DATA PROVIDED:
★ ★ ★
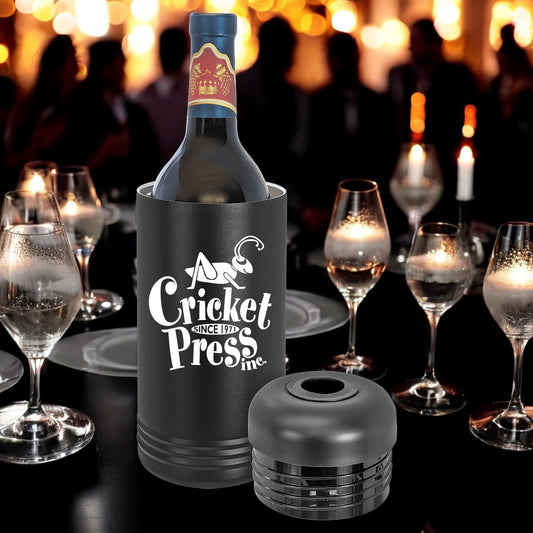 Polar Camel Wine Chiller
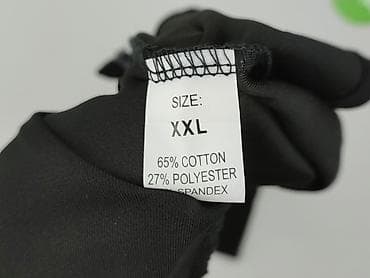 bluza miś h: KATE, Kardigan damski, rozmiar 2XL — 5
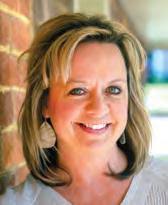 Greene County Partnership Directory 2023 by Mountain Times Publications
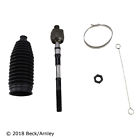 29040174 101-7759 Steering Tie Rod End Kit Left Inner Fits Nissan Maxima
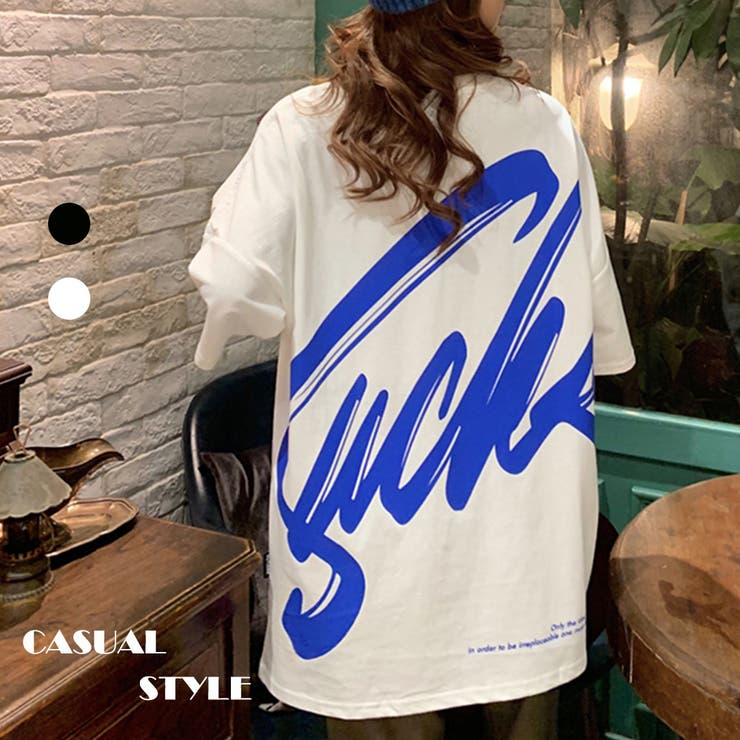 ���������꡼����å�PIENA T����� ��ǥ����� ���� 5ʬ�� �ݼ� ���󥰾� �礭�� ���åȥ� �ѻ����� ����ץ� ��ä��� �� �ȥåץ�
★ ★ ★
Please retype the lines from the one that contains "29040174 101-7759 Steering" through the final line of the data, both included, without any pictures.

 29040174 101-7759 Steering Tie Rod End Kit Left Inner Fits Nissan Maxima
 ���������꡼����å�PIENA T����� ��ǥ����� ���� 5ʬ�� �ݼ� ���󥰾� �礭�� ���åȥ� �ѻ����� ����ץ� ��ä��� �� �ȥåץ�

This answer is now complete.